2. Learn about Date Masamune

Feudal samurai lord Date Masamune, better known and feared by his enemies as the "One-eyed Dragon", founded Sendai over 400 years ago. Many tourist attractions relate to him or his clan predecessors. His story is one of struggle, violence, passion of the arts, and ever lasting achievements. Visit Sendai City Museum, Zuihoden (Masamune's elaborate grave), and the Sendai Castle Site via the Loople Sendai, public transportation, or a 30 minute walk from JR Sendai Station.

3. Try Gyutan

Sendai's most famous cuisine is gyutan, grilled beef tongue. With over 100 restaurants selling this juicy delicacy, it is probably more famous than even Date Masamune! If you are not a meat fan, Sendai is also famous for its cold chinese noodles, miso, sake, traditional sweets, oysters and sushi from nearby towns, zunda mochi (crushed soy bean rice cakes) and more. Also, try the Asaichi Street Market for fresh flavors.

4. Go Shopping at Ichibancho

Ichibancho is an area that stretches from in front of the AER Building next to Sendai Station, several blocks to Jozenji-dori Avenue. The covered pedestrian mall is filled with shops big and small. Find everything from fashion, cosmetics, souvenirs, food, and more. Walking the entire course takes at least 20 minutes. On New Year's there are special sales to save lots of money and you can buy a "lucky bag" filled with random goodies for a fraction of what the items usually cost.

5. Visit the Daikannon Statue

The Daikannon Statue is a giant statue located in the suburbs of Sendai next to a golf course. This Goddess of Mercy is one of the world's top ten highest statues, but generally skipped by tourists for closer attractions. Step inside the ivory white colossus and you'll be greeted with Buddhist statuary and panoramic views. Access via a 30 minute bus ride from JR Sendai Station bus pool.

6. Enjoy a night in Kokubuncho

Kokubuncho is the evening entertainment area of Sendai, located between Hirose-dori Avenue and Jozenji-dori Avenue (one block west of the Disney Store). With nearly 3000 restaurants, bars, and lounges, this is the largest adult playground north of Tokyo. Even walking alone through these streets is generally safe, though you should not bring children as there are some occasional drunks and some advertisements with images of women sparsely dressed. Be mindful many places have seating or service charges, so ask before entering, or check with a local or guidebook for a recommendation.
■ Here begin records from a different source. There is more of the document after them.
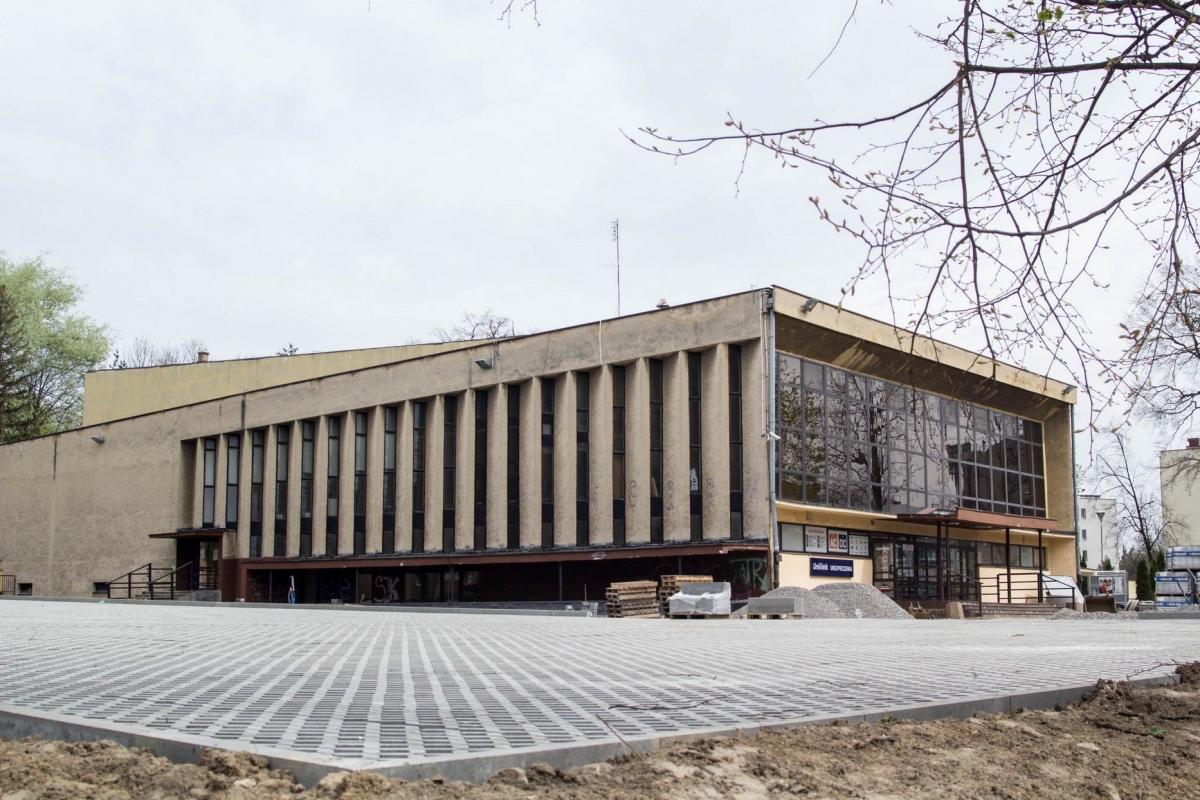 Parking przy MOK-u rośnie w oczach. Kwestią dyskusyjną stało się jednak to, jak bardzo natychmiastowego remontu potrzebuje sam budynek. Burmistrz twierdzi, że obiekt przedstawia obraz nędzy i rozpaczy. Niektórzy radni stwierdzili, że jego remont nie jest aż tak pilny.<br/>fot.Bartłomiej Pacek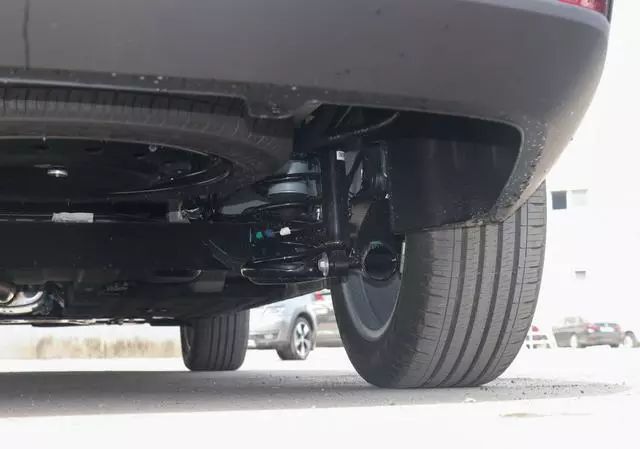 宝骏rm-52019款1.5tcvt精英型7座,2019年广州车展新宝骏rm-5实车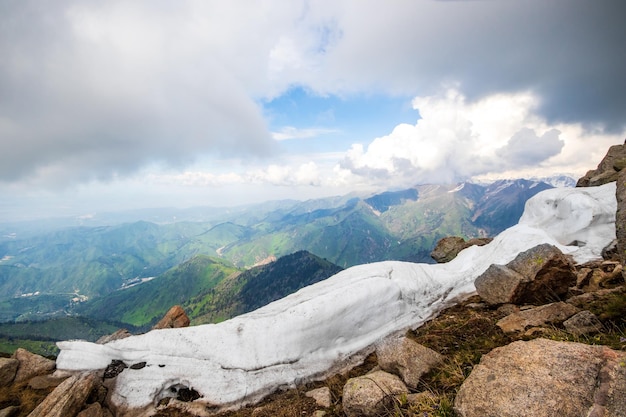 Il riscaldamento globale scioglie i ghiacciai sulle cime delle montagne Copia spazio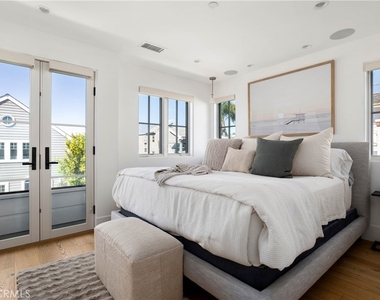 400 40th Street - Photo Thumbnail 12
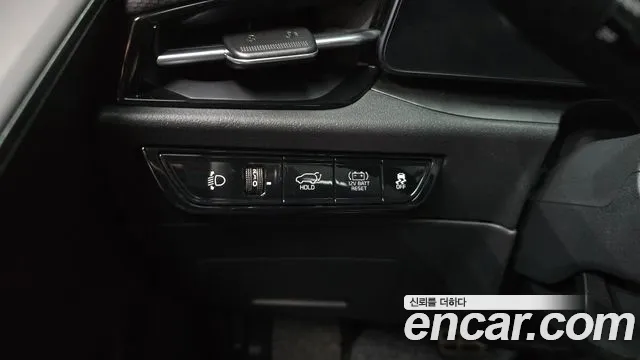 Kia Niro The All New — Фото автомобиля 25
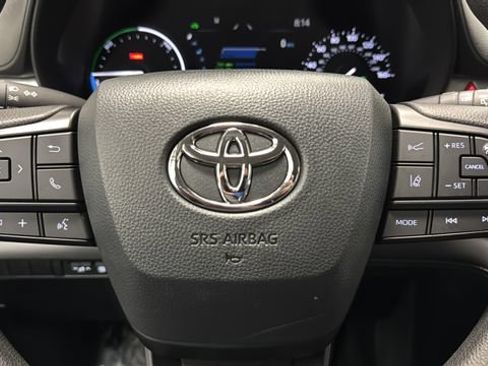 Used 2025 Toyota Sienna LE AWD/4WD image 15
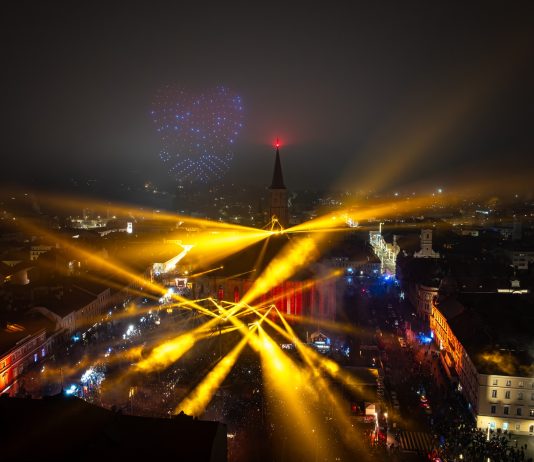 Peste 15.000 oameni au sărbătorit trecerea dintre ani în Piața Unirii, cu șampanie, concerte și spectacol de drone și lumini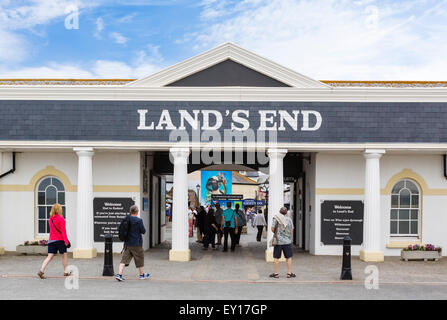 Ingresso al complesso per lo shopping e i divertimenti a Land's End, Cornwall, Regno Unito Foto Stock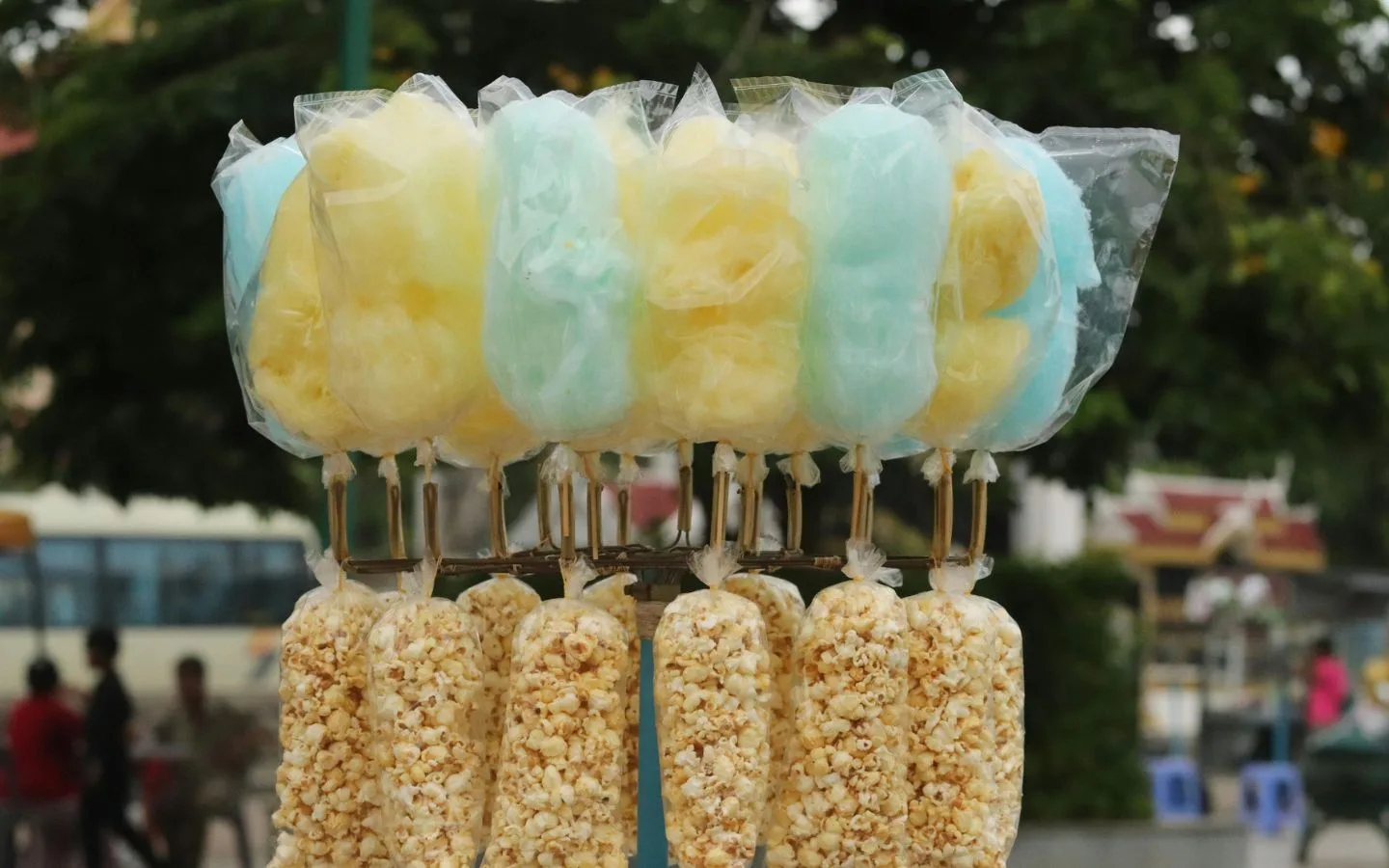 copos de algodón de azúcar y pop acaramelado para fiestas y eventos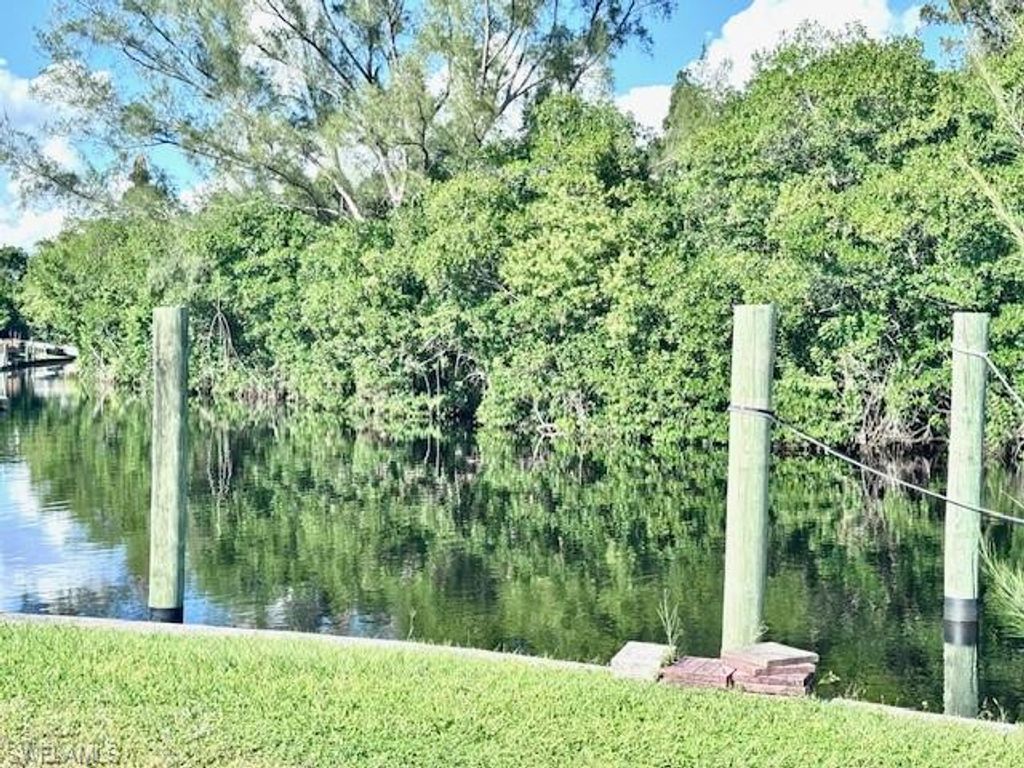 5529 Sir Walter WAY, North Fort Myers, FL 33917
7. Explore temples and shrines

There are temples and shrines scattered around the city. Find groups of temples behind Sendai Station along "Shindera" (New Temple) Street, as well as in Kitayama, a few minutes walk from Kitasendai subway or JR station. There is even a 33 Kannon pilgrimage and a 7 Lucky Gods Pilgrimage here. The most famous shrine in the city is Osaki Hachimangu. The most famous temple is Rinno-ji Temple.

8. Take a day trip

Sendai is known as a compact city. Locals and tourists alike can easily drive or use public transportation and access one of many nearby attractions in just about an hour. Yamagata Prefecture's Yamadera mountain temple, Matsushima (one of the three most beautiful places of Japan), and the hot spring towns of Sakunami and Akiu are the most popular choices.

9. See the tsunami devasted areas

The Great East Japan Earthquake triggered a tsunami that killed thousands and destroyed coastal communities in Fukushima, Miyagi, and Iwate. A visit to the areas outside the city center gives you a perspective of how massive this wave of death was and chance to remember the victims. You'll see nearly destroyed houses, empty fields where houses once stood, but also areas to pray with recovery and reconstruction efforts. With no easy public transportation options, you'll likely need to rent a car and drive 30 minutes to see this.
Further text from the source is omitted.